The Brilliant Lie

I recently entered a contest in the painting category by accident (thanks for the heads up Amy) which reminded me of this series I made a while back. Having just finished working in New Orleans for a year and unsure of where I was going next, what I was doing and putting pressure on myself to keep the ball rolling after a marathon year that left me emotionally and physically exhausted, I was kinda sick of photography and needed a break. I was both frustrated and amazed by what a photograph could do, how photography and the image are used, what a photograph shows us and how the composition in that box has the ability to interact with its viewer. I made these images when I was mad at photography and didn't want to take pictures, but I forced myself out the door anyway and made myself expose film. Under the dark cloth I found a way to disconnect myself from my subject and found a way to create a composition that could only be seen on the ground glass. A reminder that the lens is an abstraction and all light that passes thru that glass onto a 4x5 rectangle is abstracted. There is no truth in photography, the photograph is a brilliant lie.

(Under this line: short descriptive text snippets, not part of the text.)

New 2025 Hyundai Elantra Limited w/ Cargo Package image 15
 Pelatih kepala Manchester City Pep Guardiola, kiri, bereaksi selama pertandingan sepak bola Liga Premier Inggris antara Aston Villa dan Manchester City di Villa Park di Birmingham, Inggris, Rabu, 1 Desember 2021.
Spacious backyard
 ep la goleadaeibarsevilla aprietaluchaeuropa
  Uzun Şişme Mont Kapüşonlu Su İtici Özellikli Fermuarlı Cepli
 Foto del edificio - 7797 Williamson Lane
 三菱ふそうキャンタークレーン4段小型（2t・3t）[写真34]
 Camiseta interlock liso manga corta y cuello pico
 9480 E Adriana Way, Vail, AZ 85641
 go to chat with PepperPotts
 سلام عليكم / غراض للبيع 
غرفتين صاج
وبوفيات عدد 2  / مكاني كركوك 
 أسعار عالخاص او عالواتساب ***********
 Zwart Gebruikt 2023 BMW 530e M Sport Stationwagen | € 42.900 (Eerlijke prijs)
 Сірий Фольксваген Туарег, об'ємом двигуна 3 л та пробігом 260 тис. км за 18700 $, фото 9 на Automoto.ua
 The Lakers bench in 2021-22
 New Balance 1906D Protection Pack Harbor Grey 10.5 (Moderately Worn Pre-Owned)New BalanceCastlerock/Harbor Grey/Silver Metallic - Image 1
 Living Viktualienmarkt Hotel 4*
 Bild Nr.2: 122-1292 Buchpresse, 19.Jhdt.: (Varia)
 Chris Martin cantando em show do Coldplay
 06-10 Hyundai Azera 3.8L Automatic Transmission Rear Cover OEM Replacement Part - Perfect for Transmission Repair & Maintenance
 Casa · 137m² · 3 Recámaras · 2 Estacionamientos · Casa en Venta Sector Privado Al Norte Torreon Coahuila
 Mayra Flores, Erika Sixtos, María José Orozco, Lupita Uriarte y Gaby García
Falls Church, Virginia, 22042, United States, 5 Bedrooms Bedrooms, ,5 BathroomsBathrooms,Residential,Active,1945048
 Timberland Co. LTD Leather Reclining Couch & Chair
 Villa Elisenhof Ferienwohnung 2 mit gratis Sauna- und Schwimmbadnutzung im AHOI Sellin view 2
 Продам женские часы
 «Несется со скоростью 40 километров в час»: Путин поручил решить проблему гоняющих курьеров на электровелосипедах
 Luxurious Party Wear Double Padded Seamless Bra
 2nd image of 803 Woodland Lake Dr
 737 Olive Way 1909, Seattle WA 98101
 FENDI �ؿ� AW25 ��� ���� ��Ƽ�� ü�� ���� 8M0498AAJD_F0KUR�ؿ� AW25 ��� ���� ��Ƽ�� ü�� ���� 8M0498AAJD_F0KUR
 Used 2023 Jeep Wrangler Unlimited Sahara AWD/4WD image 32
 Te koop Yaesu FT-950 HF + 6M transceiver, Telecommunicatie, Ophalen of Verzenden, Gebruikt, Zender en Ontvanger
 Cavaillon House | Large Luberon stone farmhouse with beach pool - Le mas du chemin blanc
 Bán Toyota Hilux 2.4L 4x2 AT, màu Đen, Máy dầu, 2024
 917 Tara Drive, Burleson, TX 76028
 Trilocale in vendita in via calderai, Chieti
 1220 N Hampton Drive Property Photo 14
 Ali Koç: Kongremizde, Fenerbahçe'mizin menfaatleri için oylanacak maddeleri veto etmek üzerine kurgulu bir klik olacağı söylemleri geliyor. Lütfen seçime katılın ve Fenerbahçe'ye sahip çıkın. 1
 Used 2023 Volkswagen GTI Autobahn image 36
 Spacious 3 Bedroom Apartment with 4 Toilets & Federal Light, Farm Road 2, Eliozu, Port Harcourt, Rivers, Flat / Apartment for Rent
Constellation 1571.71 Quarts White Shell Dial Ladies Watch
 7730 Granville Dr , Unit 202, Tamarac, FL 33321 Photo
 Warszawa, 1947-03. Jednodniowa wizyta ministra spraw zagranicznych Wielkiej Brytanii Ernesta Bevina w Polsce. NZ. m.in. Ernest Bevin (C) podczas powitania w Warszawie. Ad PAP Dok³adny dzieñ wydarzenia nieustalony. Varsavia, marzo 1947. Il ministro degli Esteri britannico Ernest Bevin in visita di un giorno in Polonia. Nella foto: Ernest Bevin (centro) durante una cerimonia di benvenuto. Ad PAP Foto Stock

Upon writing this I am reminded of a Phil Perkis story,

"Some years back I did a small assignment using Kodachrome film, which at the time was the most detailed, saturated color film available. When I got the slides from the lab, I needed a place to project them. On a whim, I taped a piece of white paper to the front of the television set and used that as a screen. After looking at the slides and editing them, I took down the paper. Later that day, I turned on the television. I had a strange feeling. I put the white paper back and projected the slides again. Then I watched television again.